A word-for-word copy of the listing is required, and it must contain no pictures.

== Dataset content ==
※

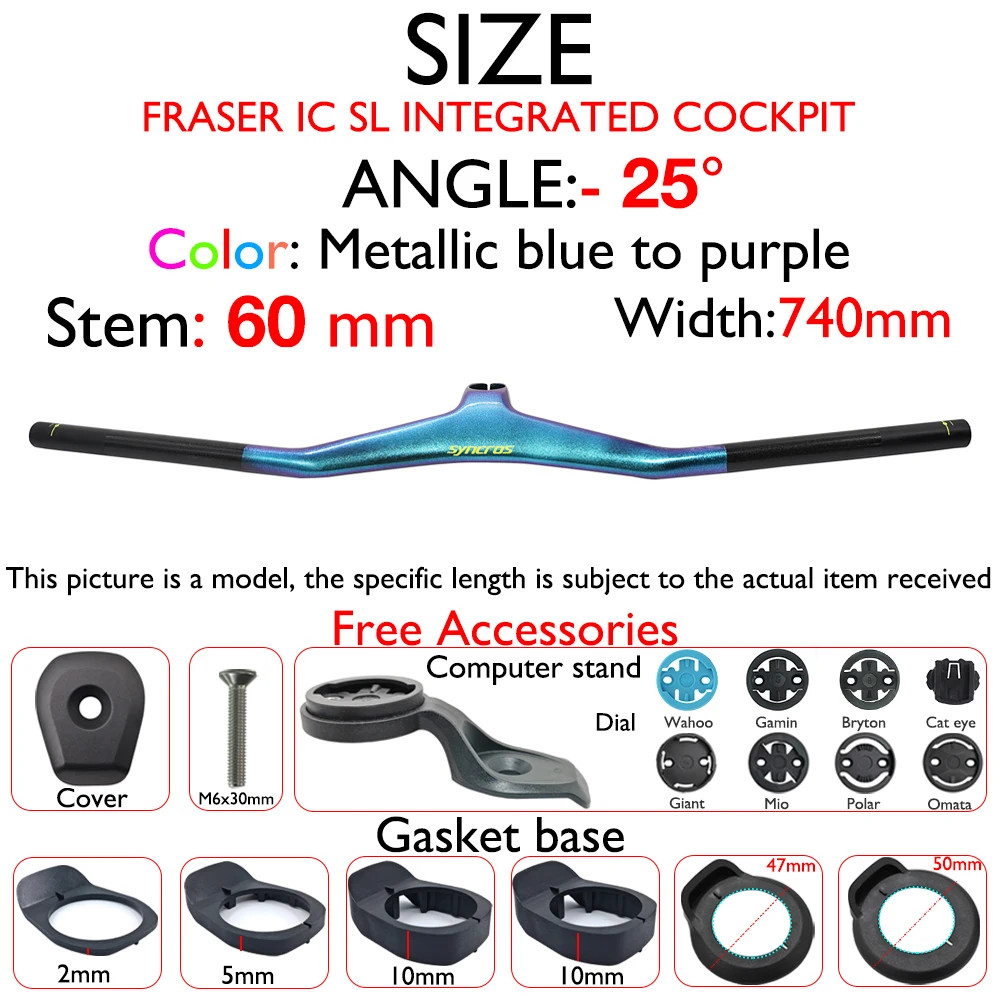 -25° Carbon MTB Bike Integrated Handlebar 28.6mm with Cycling Computer Mount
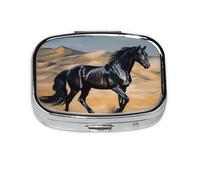 Square Round Pill Case Black Arabian Horse Pill Box Daily 2 Compartment Travel Pill Container for Pocket Purse Portable Medicine Cod Liver Oil Storage Box 2 Times a Day Pill Organizer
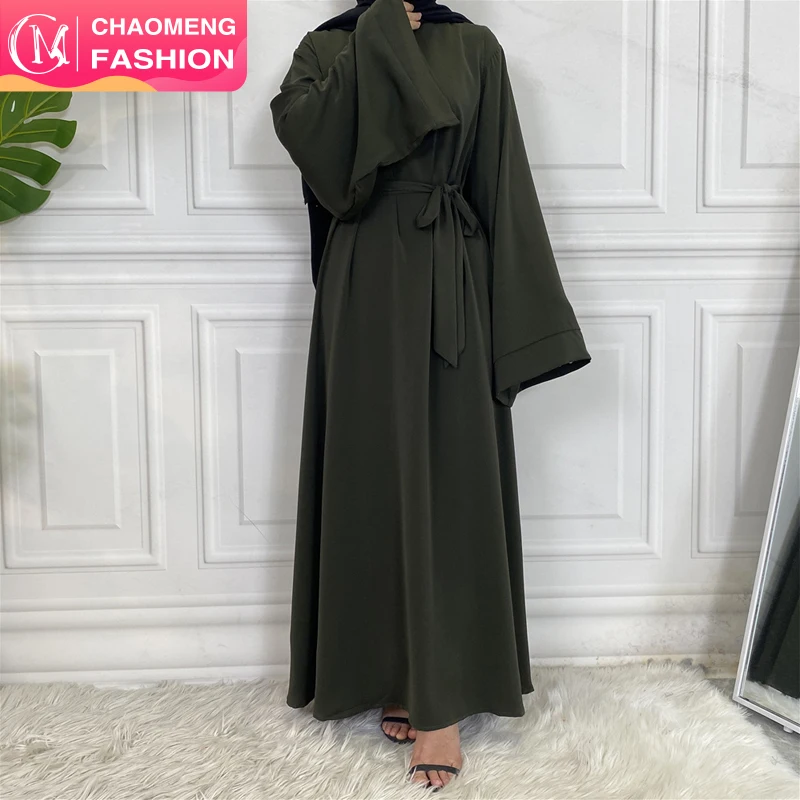 

6394#Cheap Wholesale Wide Long Sleeve Loose Design Simple Solid Color Islamic Clothing Muslim Women Maxi Inner Dresses Abaya, Pink/purple/beige/green/blue/red/ black/customized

※

== Written reply ==
 -25° Carbon MTB Bike Integrated Handlebar 28.6mm with Cycling Computer Mount
 Square Round Pill Case Black Arabian Horse Pill Box Daily 2 Compartment Travel Pill Container for Pocket Purse Portable Medicine Cod Liver Oil Storage Box 2 Times a Day Pill Organizer

6394#Cheap Wholesale Wide Long Sleeve Loose Design Simple Solid Color Islamic Clothing Muslim Women Maxi Inner Dresses Abaya, Pink/purple/beige/green/blue/red/ black/customized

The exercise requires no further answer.